[Start of section]
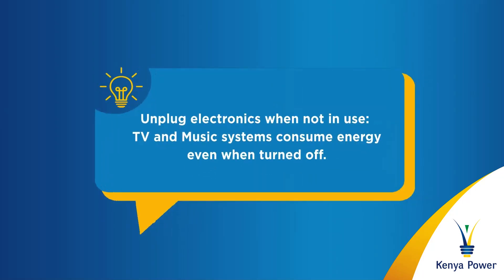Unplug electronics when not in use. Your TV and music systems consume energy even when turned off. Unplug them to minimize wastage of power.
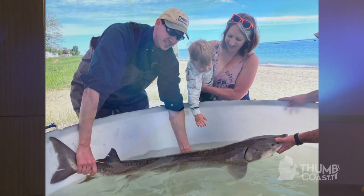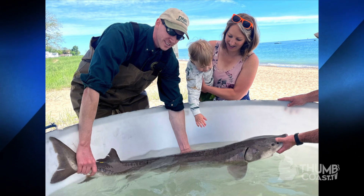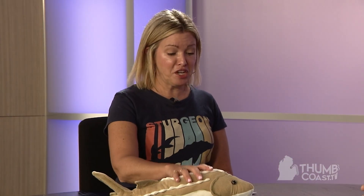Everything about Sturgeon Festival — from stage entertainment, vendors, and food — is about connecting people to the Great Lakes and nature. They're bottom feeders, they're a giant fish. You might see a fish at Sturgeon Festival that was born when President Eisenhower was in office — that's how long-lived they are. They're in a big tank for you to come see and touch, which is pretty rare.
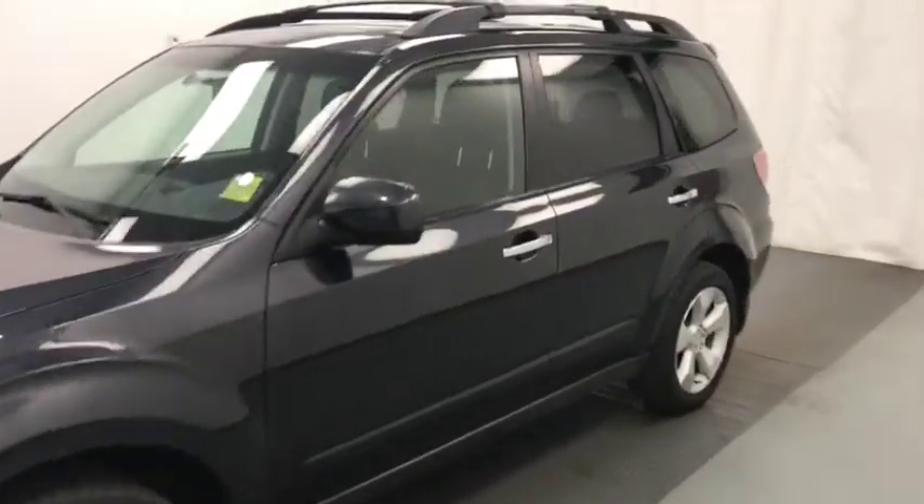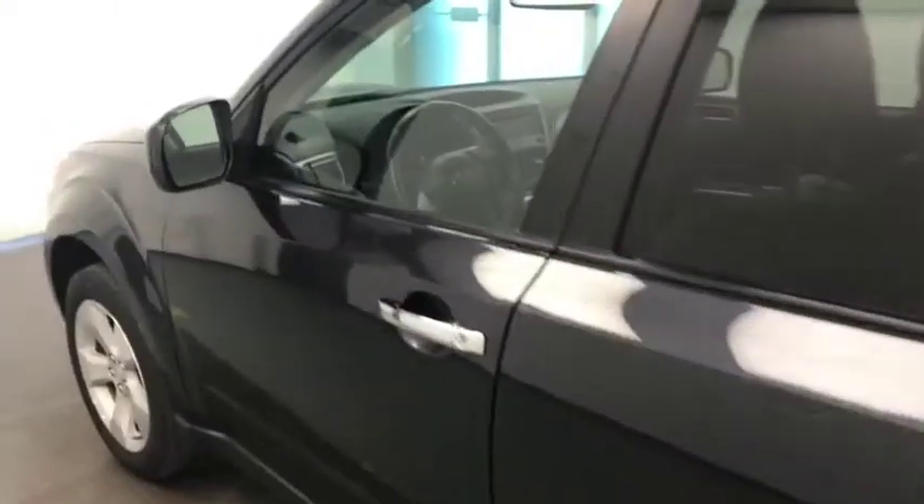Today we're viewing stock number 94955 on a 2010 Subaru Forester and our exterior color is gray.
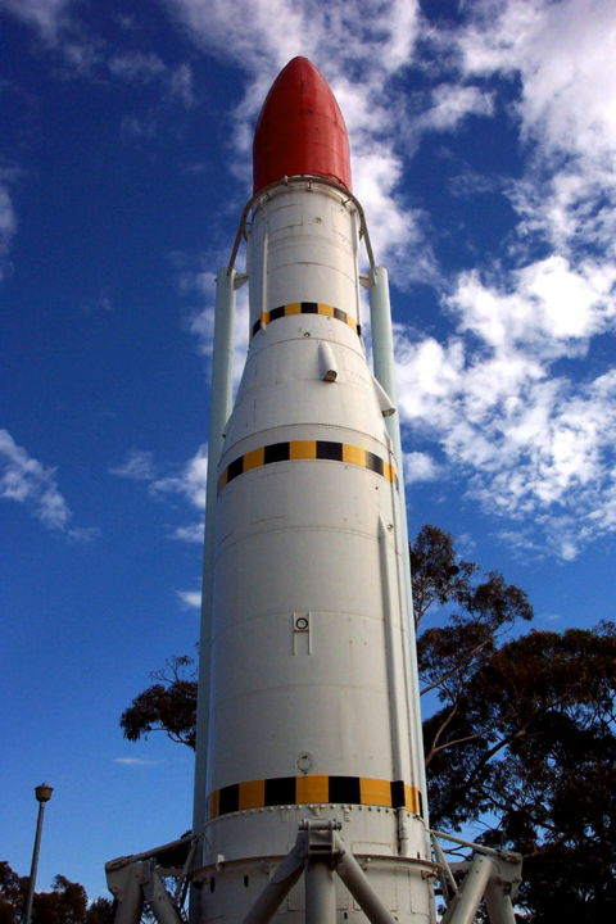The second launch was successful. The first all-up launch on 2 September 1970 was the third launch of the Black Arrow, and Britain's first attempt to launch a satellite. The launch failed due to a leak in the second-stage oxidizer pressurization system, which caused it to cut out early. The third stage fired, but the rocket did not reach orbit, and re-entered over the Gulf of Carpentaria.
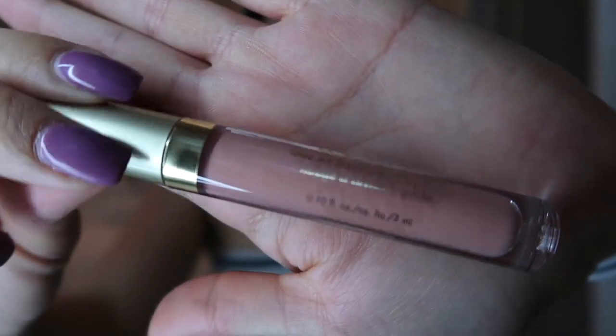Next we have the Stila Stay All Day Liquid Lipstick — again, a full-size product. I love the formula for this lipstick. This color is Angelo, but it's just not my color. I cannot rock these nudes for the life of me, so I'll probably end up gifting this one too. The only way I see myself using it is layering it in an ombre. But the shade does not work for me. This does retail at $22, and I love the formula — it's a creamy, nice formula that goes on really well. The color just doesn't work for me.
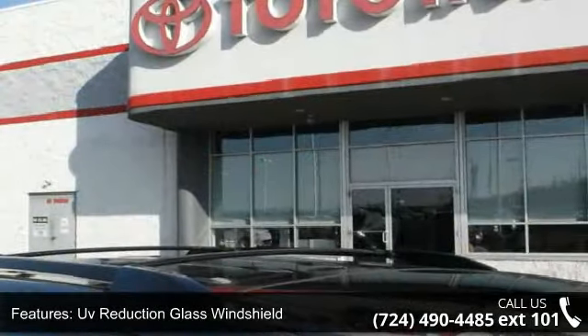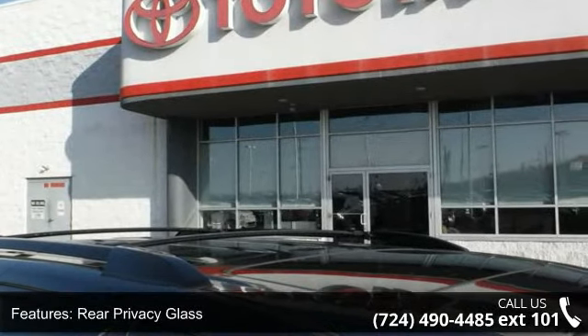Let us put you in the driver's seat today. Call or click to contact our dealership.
[End of section]
__PROBLEM STATEMENT__.
Output all of the data exactly as it stands, minus any images.

__RESPONSE AREA__.
Unplug electronics when not in use. Your TV and music systems consume energy even when turned off. Unplug them to minimize wastage of power.
Everything about Sturgeon Festival — from stage entertainment, vendors, and food — is about connecting people to the Great Lakes and nature. They're bottom feeders, they're a giant fish. You might see a fish at Sturgeon Festival that was born when President Eisenhower was in office — that's how long-lived they are. They're in a big tank for you to come see and touch, which is pretty rare.
Today we're viewing stock number 94955 on a 2010 Subaru Forester and our exterior color is gray.
The second launch was successful. The first all-up launch on 2 September 1970 was the third launch of the Black Arrow, and Britain's first attempt to launch a satellite. The launch failed due to a leak in the second-stage oxidizer pressurization system, which caused it to cut out early. The third stage fired, but the rocket did not reach orbit, and re-entered over the Gulf of Carpentaria.
Next we have the Stila Stay All Day Liquid Lipstick — again, a full-size product. I love the formula for this lipstick. This color is Angelo, but it's just not my color. I cannot rock these nudes for the life of me, so I'll probably end up gifting this one too. The only way I see myself using it is layering it in an ombre. But the shade does not work for me. This does retail at $22, and I love the formula — it's a creamy, nice formula that goes on really well. The color just doesn't work for me.
Let us put you in the driver's seat today. Call or click to contact our dealership.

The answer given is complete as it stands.